* **What is needed**
Would you transcribe the entries below, beginning at the line with "人教版历史七年级上册 第3课 远古的传说【课件】04" and ending after the line with "行かなきゃ分からない！ 「完全予約制」の店", exactly, with no picture and nothing more?

* **The input**
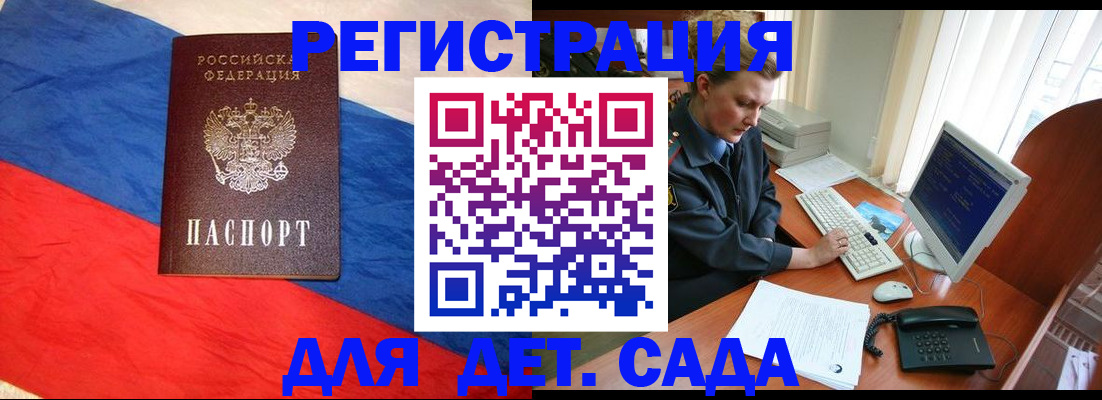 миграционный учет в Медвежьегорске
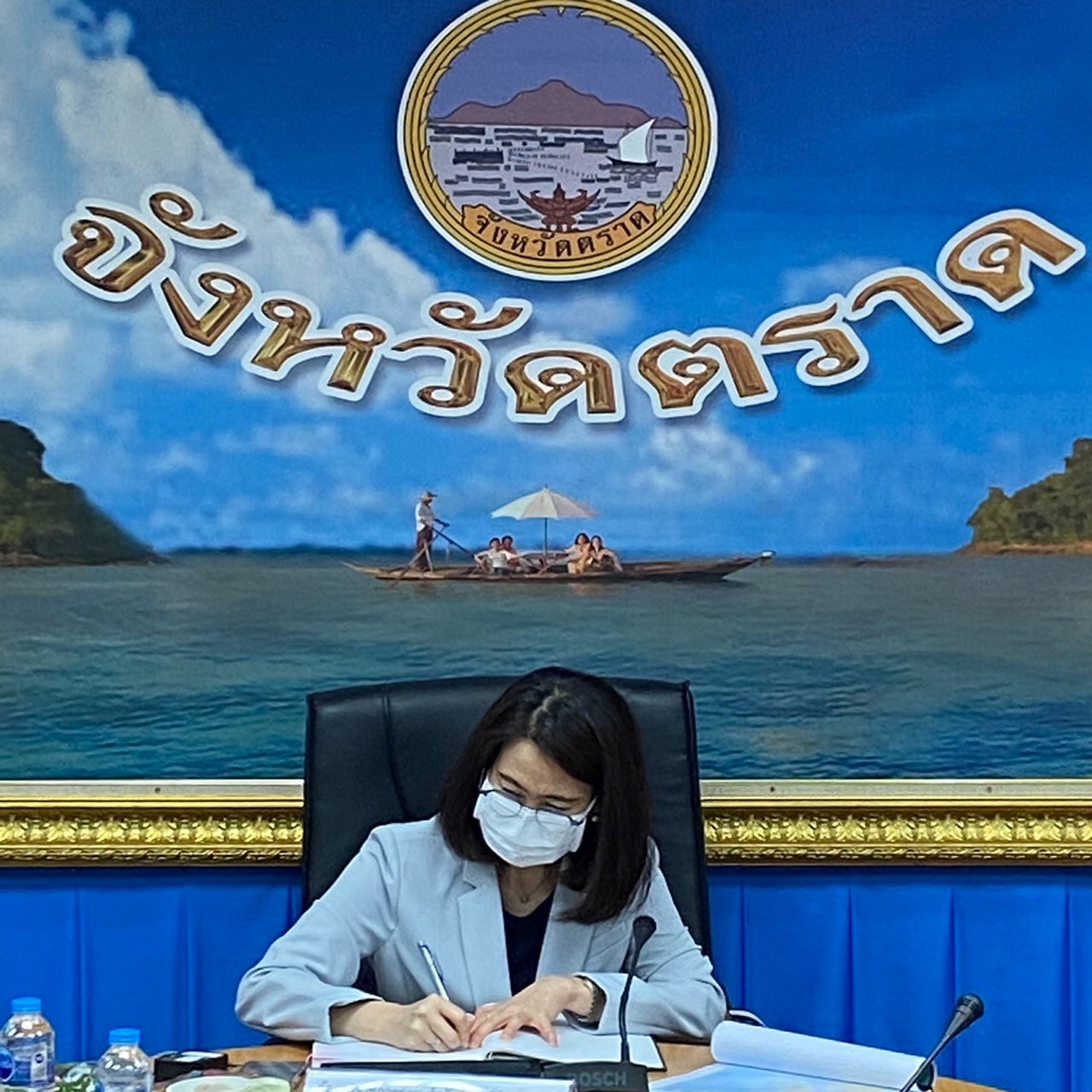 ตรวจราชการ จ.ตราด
--
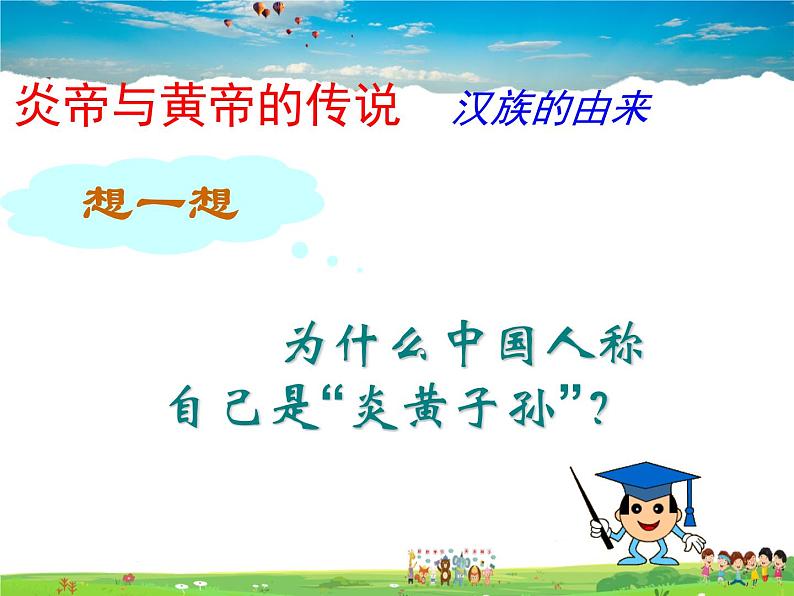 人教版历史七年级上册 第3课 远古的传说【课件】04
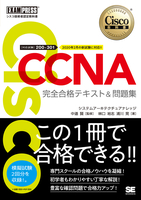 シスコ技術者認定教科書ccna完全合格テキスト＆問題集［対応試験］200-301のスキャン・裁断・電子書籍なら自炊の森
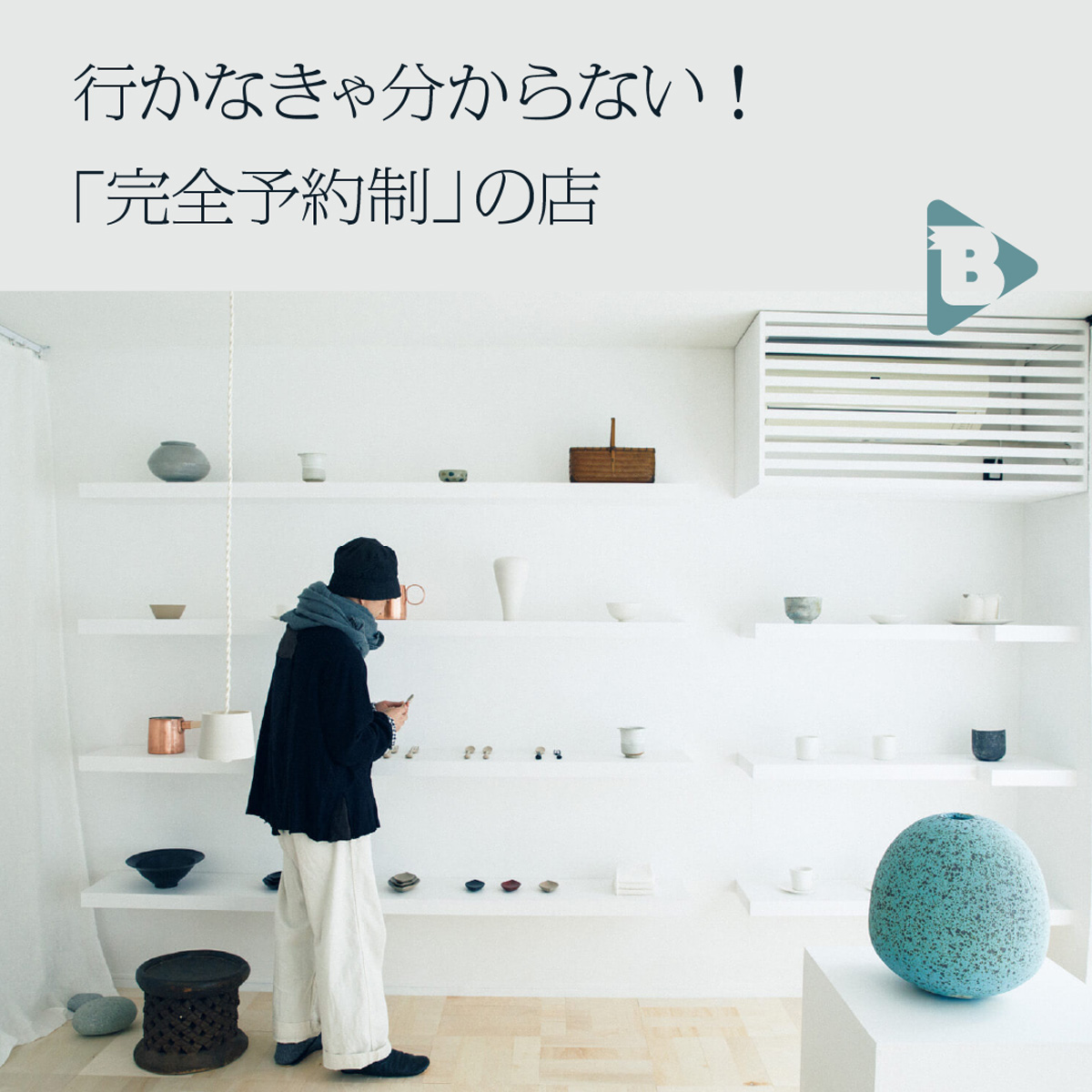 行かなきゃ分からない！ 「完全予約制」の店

* **Exercise output**
 人教版历史七年级上册 第3课 远古的传说【课件】04
 シスコ技術者認定教科書ccna完全合格テキスト＆問題集［対応試験］200-301のスキャン・裁断・電子書籍なら自炊の森
 行かなきゃ分からない！ 「完全予約制」の店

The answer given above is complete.